The team over at Ennova hosted a career panel discussion with their team members so they could share their knowledge and experiences from their respective undergraduate majors. This career panel covered journalism and creative writing. Kristine Dessinger was the emcee while hosted the career panel included: Aaron, who double majored in Mass Communications and English, was involved in his high school newspaper, and had a career as a newspaper editor; Wyatt, who majored in Journalism and has experience blogging; and Sara, who earned her master’s degree in English with a Creative Writing focus. She also speaks three languages! Here are some interesting points from the panel:
When you were in high school, what did you think you wanted to do for a career? Sara wasn’t sure; she just knew she wanted to study a foreign language. Aaron liked being part of the high school newspaper, so that’s what got him interested in journalism. Wyatt was more interested in geo-engineering and ROTC, and he was thinking of going into the military. He started out studying Geology/Geophysics and didn’t like it. He switched to Journalism because of his interest in blogging.
How did you first become interested in journalism or creative writing? Sara was part of UIL Creative Writing and UIL Spelling at different times and has a passion for writing novels in her spare time. Aaron became interested when he worked for his high school newspaper. Wyatt became interested through blogging.
We asked Wyatt why he decided not to pursue a career in journalism. During college he worked with high school students, so he decided to continue that after he graduated.
What was your favorite or least favorite part of studying Journalism/Mass Communications/English? Aaron didn’t like his Public Relations class because of his professor, and Wyatt agreed. Sara liked the fact that she was trained to write from different perspectives. It helped her with critical thinking.
Do you have experience with blogging? Sara has some experience blogging in the past.
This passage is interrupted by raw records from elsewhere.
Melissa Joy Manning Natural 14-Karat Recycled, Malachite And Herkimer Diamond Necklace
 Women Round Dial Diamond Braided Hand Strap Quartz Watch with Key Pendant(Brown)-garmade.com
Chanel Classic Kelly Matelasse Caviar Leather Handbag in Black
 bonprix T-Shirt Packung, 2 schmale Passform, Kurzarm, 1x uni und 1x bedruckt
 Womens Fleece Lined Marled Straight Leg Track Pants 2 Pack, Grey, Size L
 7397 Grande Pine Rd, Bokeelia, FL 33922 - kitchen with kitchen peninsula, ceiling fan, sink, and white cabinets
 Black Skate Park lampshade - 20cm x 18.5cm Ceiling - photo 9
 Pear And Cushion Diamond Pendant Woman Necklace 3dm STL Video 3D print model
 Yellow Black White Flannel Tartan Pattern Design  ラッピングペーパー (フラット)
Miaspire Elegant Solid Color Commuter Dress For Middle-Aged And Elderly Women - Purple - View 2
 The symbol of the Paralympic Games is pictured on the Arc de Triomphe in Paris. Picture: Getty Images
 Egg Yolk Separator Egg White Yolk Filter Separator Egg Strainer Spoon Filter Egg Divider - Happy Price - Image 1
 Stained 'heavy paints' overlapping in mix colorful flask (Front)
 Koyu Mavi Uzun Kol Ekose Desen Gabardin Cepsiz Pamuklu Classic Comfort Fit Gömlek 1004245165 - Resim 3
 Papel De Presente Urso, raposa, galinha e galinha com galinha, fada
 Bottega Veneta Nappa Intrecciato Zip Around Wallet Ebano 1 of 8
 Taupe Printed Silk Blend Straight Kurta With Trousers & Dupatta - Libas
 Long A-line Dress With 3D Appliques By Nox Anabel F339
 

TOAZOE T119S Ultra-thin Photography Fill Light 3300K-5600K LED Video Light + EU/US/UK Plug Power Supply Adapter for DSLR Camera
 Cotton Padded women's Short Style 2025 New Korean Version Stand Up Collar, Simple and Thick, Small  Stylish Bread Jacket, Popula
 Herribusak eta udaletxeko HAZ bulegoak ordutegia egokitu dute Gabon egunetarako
Wyatt did some cageside live blogging and reporting for Mixed Martial Arts events. He had to do flash editing, because he had a very short time to post the play-by-play. Blogging can pay well if you have a very strong network of followers, but it is very time consuming to get to that level.
We asked Aaron to share his experiences working for the newspaper. He started out writing for a community paper. These papers seem to be doing better than larger newspapers, because they’re the only way to get local news. There’s really a divide between new reporters fresh out of college, who tend to be interested in new technology and industry trends, and the old-school reporters who used typewriters and are more resistant to online news and social media. As a reporter, you have to talk to people a lot and go to events and rub shoulders with important people. One perk is that everyone in the area knows you if you work for a local paper. One downside is that sometimes you have to file legal documents like FOIA to get the information you need. Also, you might get backlash from people who don’t like what you’re writing. Once he became editor, Aaron was doing very little writing – just editing and page setting. He ended up working about 90 hours a week and was getting very little pay, so he switched careers. When you work that many hours as a salaried employee, you basically earn minimum wage.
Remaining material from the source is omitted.